Au Domaine Karcher, le bio ne s’arrête pas à la vigne. Dans la cave aussi, les pratiques ont évolué. Fini les levures exogènes, place aux fermentations spontanées. Gilles Karcher limite au maximum les intrants, se contentant de bentonite et d’un soufre en baisse constante. “Je suis dans une réflexion pour en mettre de moins en moins.”
Et cela se ressent dans ses vins, “quand je les goûte, il y a ce mot : honnête. J’ai l’impression d’être dans le pied de vigne, dans les racines.”

Le travail du sol est au centre de la démarche. Là où le désherbage chimique avait compacté la terre, le bio a ramené la vie : vers de terre, mycélium, humidité conservée grâce aux paillages naturels. “Quand je donne un coup de pioche, je vois la différence. C’est devenu un sol vivant.
Pour Gilles Karcher, ce retour à la vie rend les vins plus stables, plus complexes, et surtout plus durables. “les vins bio ont une meilleure colonne vertébrale. Ils peuvent se garder très longtemps.

Nature et biodynamie… la suite logique ?

En 2022, Gilles Karcher franchit une nouvelle étape : deux cuvées sont vinifiées en vins nature. Sans intrants, sans levures ajoutées, les vins sont guidés par l’instinct et le vivant. “On prend le temps, on goûte, on observe. J’ai l’impression d’être un alchimiste.
Et déjà se profile la suite : la biodynamie. Une formation est prévue, les premières tisanes maisons aussi, “je veux cueillir moi-même les plantes dans la forêt. Faire les choses du début à la fin”. Pour lui, la biodynamie est une pratique culturelle, “on ne parle pas assez de cette dimension. C’est dommage de la réduire à un calendrier lunaire”.
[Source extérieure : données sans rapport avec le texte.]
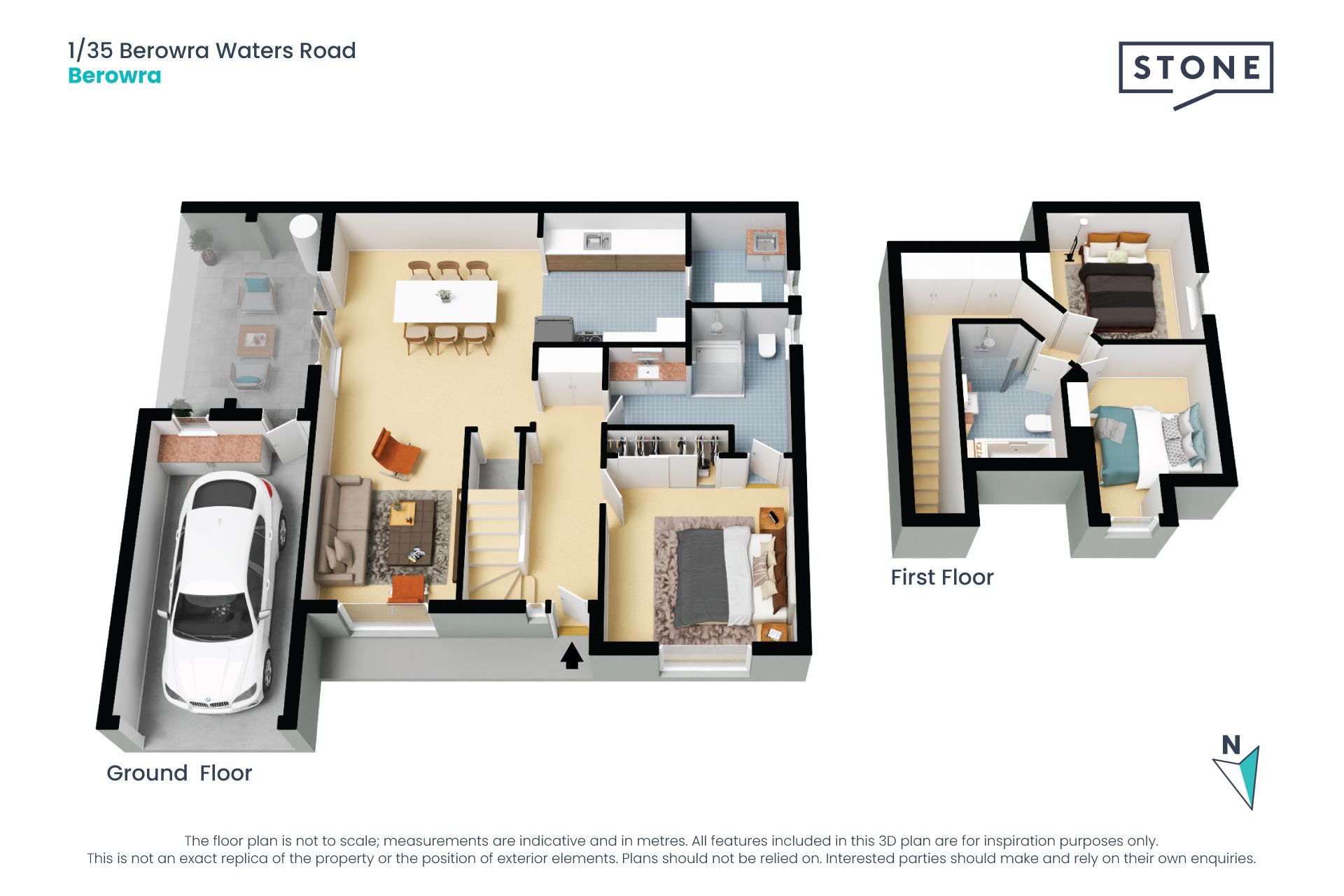 Villa style living – 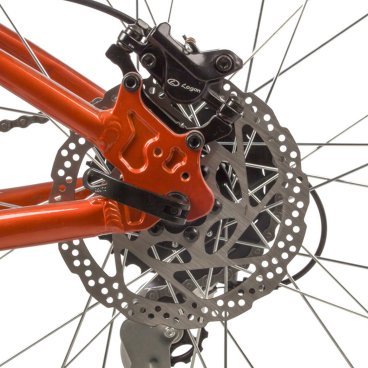 Женский велосипед STINGER VEGA EVO, 27.5", 24 скорости, алюминий, VX47212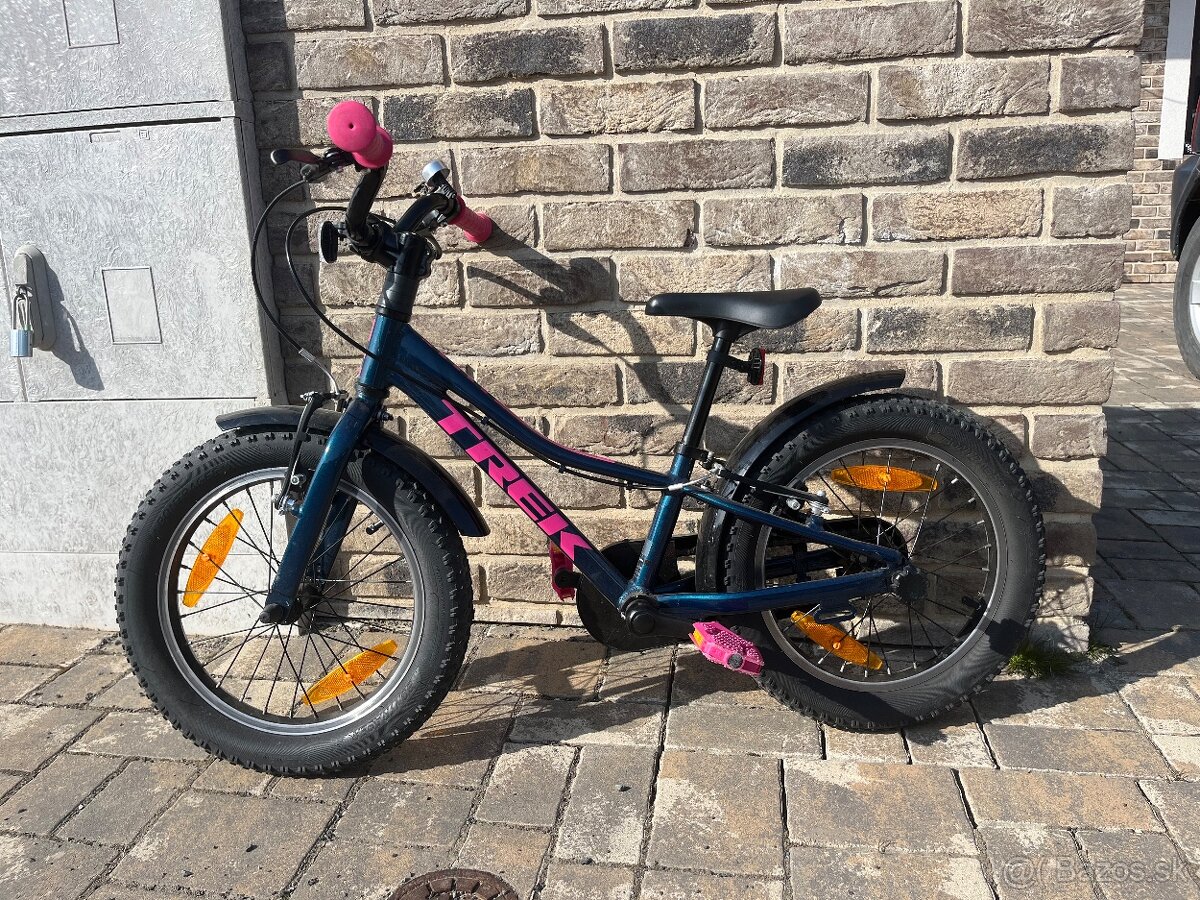 Detský bicykel - 2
Au-delà des pratiques agricoles, Gilles Karcher défend une vision humaine du métier. “Ce que je veux, c’est de l’humain. Avoir les mains sales, transpirer, et que ça en vaille la peine.
Pour lui, le vin n’est pas une recette figée, mais une adaptation perpétuelle au climat, à l’équipe, aux millésimes… “On est paysans, pas garagistes. On est là pour créer, pas pour reproduire.

Un vin meilleur ?

Quand on ne maltraite pas sa terre, on ne maltraite pas son vin. Et quelque part, ça te rend meilleur.Gilles Karcher résume ainsi sa philosophie. Une vision exigeante, sincère, et profondément enracinée dans la terre alsacienne.
Dans un monde viticole en quête de repères, le Domaine Karcher trace une voie précieuse : celle du respect, du goût, et du vivant.